Of course, the film, which consists almost entirely of Barack and Michelle walking and talking through Chicago, wouldn’t work as well as it does if Sawyers didn’t have an equal partner on screen in Tika Sumpter, who produced the film alongside Tanne.
Like Michelle Robinson—who in 1989, when the film takes place, was already a junior associate at Sidley Austin while Obama was still in law school—Sumpter came to the film with more experience than Sawyers. Before taking on the role of the future first lady, she was best known for appearing in the Ride Along films opposite Ice Cube and Kevin Hart, as well as in television series like Gossip Girl, The Game, and most recently, The Haves and the Have Nots. Sawyers’s biggest credit to date had been “Interrogator on Monitor” in Zero Dark Thirty.
“Tika was wary of him. She was a little guarded,” Tanne says. “And that mirrored the movie. He really had to do a lot to win her over. It took a little while from them to warm up to each other. And that’s the movie.”
“It’s like the film,” Sawyers agrees. “I’m quite playful. And she’s like, ‘OK, Parker, calm down.’”

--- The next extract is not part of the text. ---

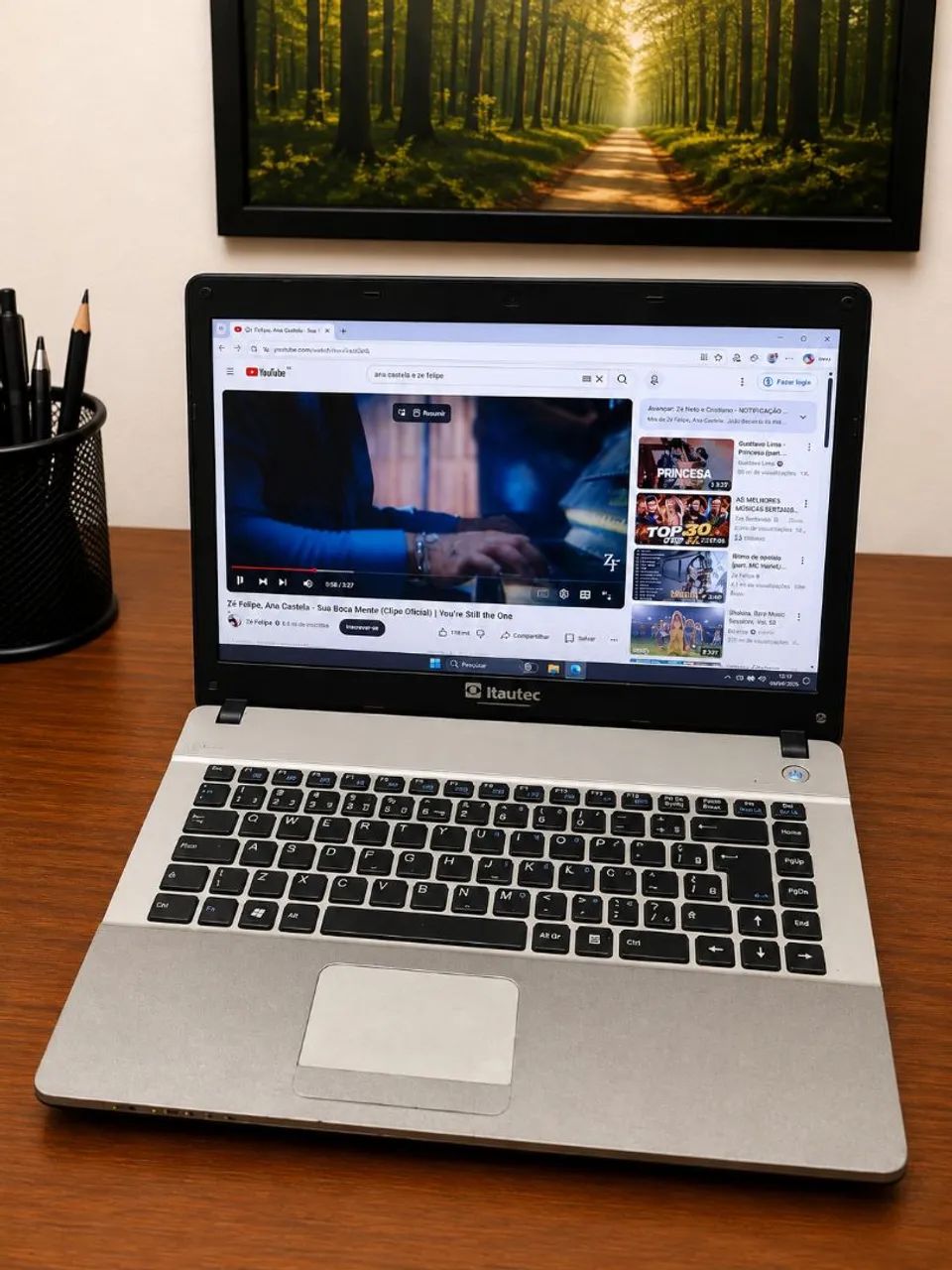 Notebook i3 / SSD / bateria ok / Win11 bem rápido  - Foto 2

“It gave us a leg up in terms of crafting the onscreen dynamic, because she just had more experience,” Tanne adds. “She’d been through it before, and sometimes held that over his head.”
If anything, Southside with You is the story of how these two people, before they became one of the most iconic couples in America, became equals. Tanne says when he first saw the obvious affection between the Obamas together during the run-up to the 2008 election, “I found it to be rare amongst friends and family and people I know in everyday life and thusly even rarer in public figures.” Perhaps alluding to the Clintons, he adds, “Not taking anything away from other presidential or would-be presidential couples. I’m sure there’s real love there in a lot of instances, but sometimes when it’s put out for all the world to see, it’s a little awkward or forced and I didn’t get that impression at all.”
But this film is just the beginning of the story, with the dramatic irony being that we know where the main characters’ lives are headed while they don’t. Inevitable comparisons have been made to Richard Linklater’s Before Sunrise series, in which he has revisited the evolving romance between two fictional characters every nine years.
Could Southside with You be the first film in a similar series?
“For me, it was this. This was the thing. I wanted to tell that story,” Tanne says. “It wasn’t the sweep of their lives or the scope of their lives that got me interested. I always assumed that Will Smith was going to play him one day in his presidential years. But you know, who knows?” As resistant as he seems to the concept, he does have an idea for when the sequel could take place: the Obamas’ last night in the White House, nearly 28 years after their first date.
For Sawyers, that would mean returning to the role of Barack Obama in his mid-50s. “I don’t know,” he says, taking a long, Obama-esque pause when presented with the idea. “Maybe.”